Gumti Gate the eastern gate of the citadel of Gaur-Lakhnauti, the Sultanate capital of Bengal. The name is of uncertain origin. In plan and construction, the building is in marked contrast to the Mughal lukochuri darwaza, a little to its north. It is smaller in size than the latter and consists of a brick-built single room, 7.60 sq.m with walls 2.65m thick. The outer dimension of the building is 12.80sq.m with four doorways, one on each side, the east and west entrances being flanked by fluted turrets. The corners of the building have the usual corner towers of Sultanate monuments. A single dome built on squinches covers the structure; a feature which started with the eklakhi mausoleum at Pandua and continued throughout the Sultanate period in similarly planned monuments.

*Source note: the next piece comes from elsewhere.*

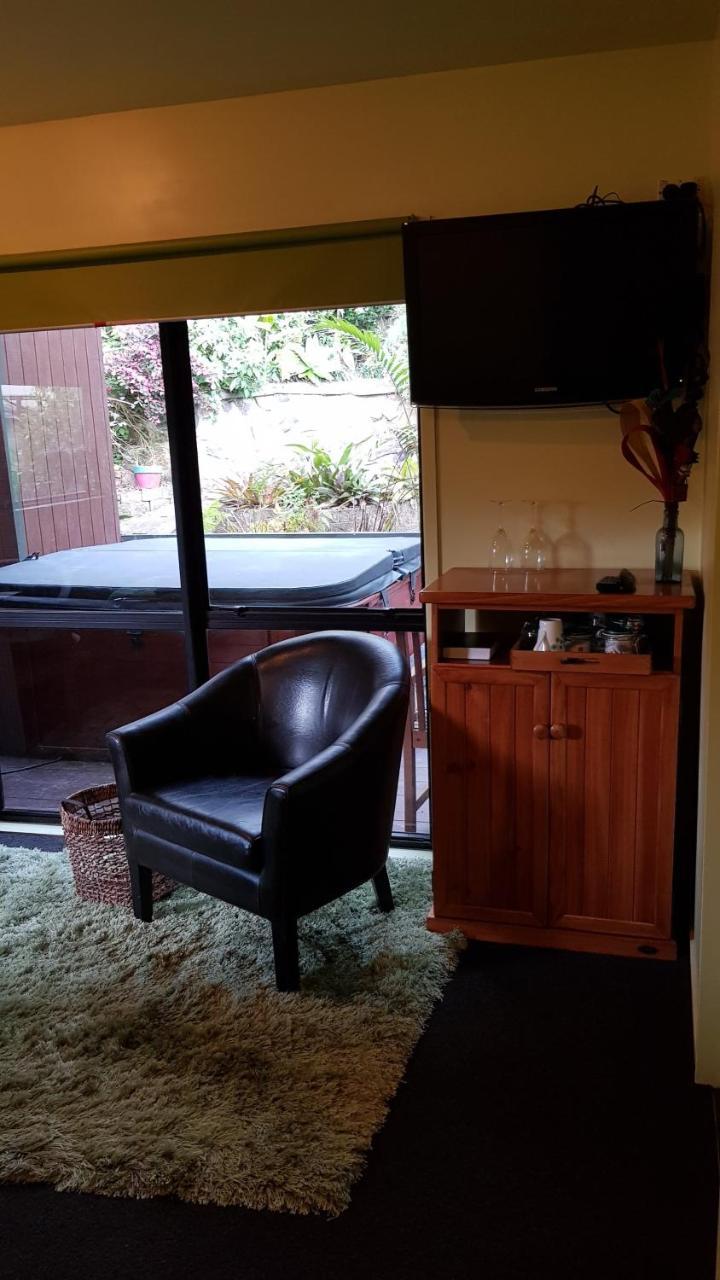 Te Puru Pohutukawa Coast Bnb מראה חיצוני תמונה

If the tomb of Iltutmish in the Qutb area of Delhi is regarded as the forerunner of the Eklakhi Mausoleum, the Gumti Gate might have been an imitation of the Alai Darwaza, the southern gateway of the Quwwatul Islam Mosque. There are indications of the gateway's connection with the citadel walls on the north and south sides of the building. The gateway has a carved cornice, and was ornamented more with tiles than with the usual terracotta techniques.

The date of the building is uncertain. Some scholars have assigned it to the builder of the citadel, ie Sultan nasiruddin mahmud shah (1442-59 AD). Others, on the evidence of an inscription found in the Niamatullah complex in Firuzpur, date the construction of a gateway during the reign of Sultan Alauddin husain shah in 1512 AD. Since architecturally there is no clear dynastic definition of the Sultanate monuments, there should not be any disputes about why the date of the monument should be separated from the date of the citadel.

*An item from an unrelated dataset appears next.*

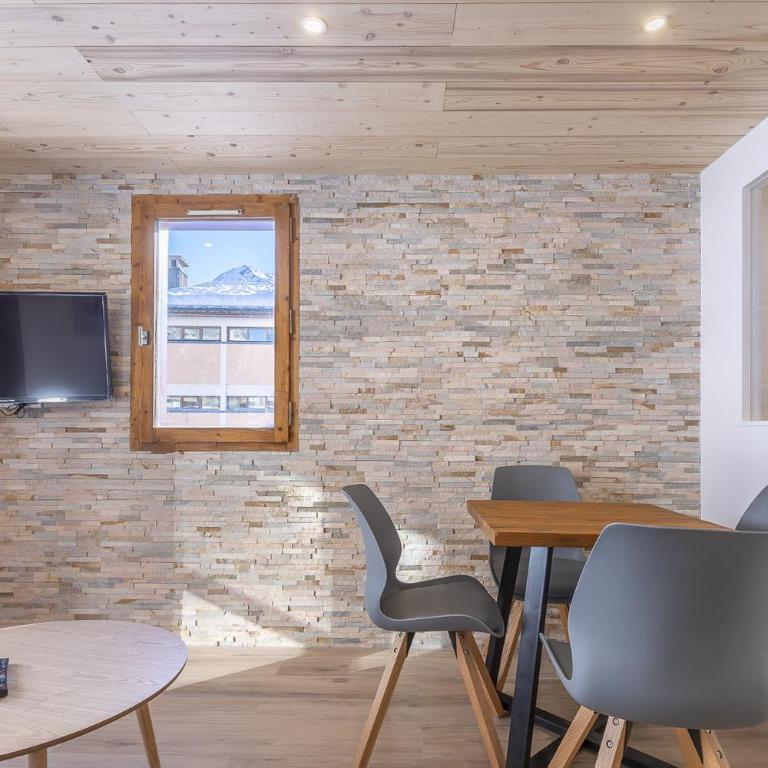 Résidence Le Val d'Illaz - Val-d'Isère - Apartment with View and Balcony - 5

Professor a.h. dani argued that, since the gateway is ornamented with tiles, and that since this is a feature of the Husain Shahi period, the building must have been the work of Alauddin Husain Shah.

This argument may be untenable. This is because the extant remains of tiles that were in the minar at Chhota Pandua, built about a century earlier, continued to be used through all the dynasties ruling Gaur-Lakhnauti and Pandua-Firuzabad. Moreover, if there was a ceremonial gateway from the north for the Sultan, there would have been other subsidiary or emergency gateways on other sides.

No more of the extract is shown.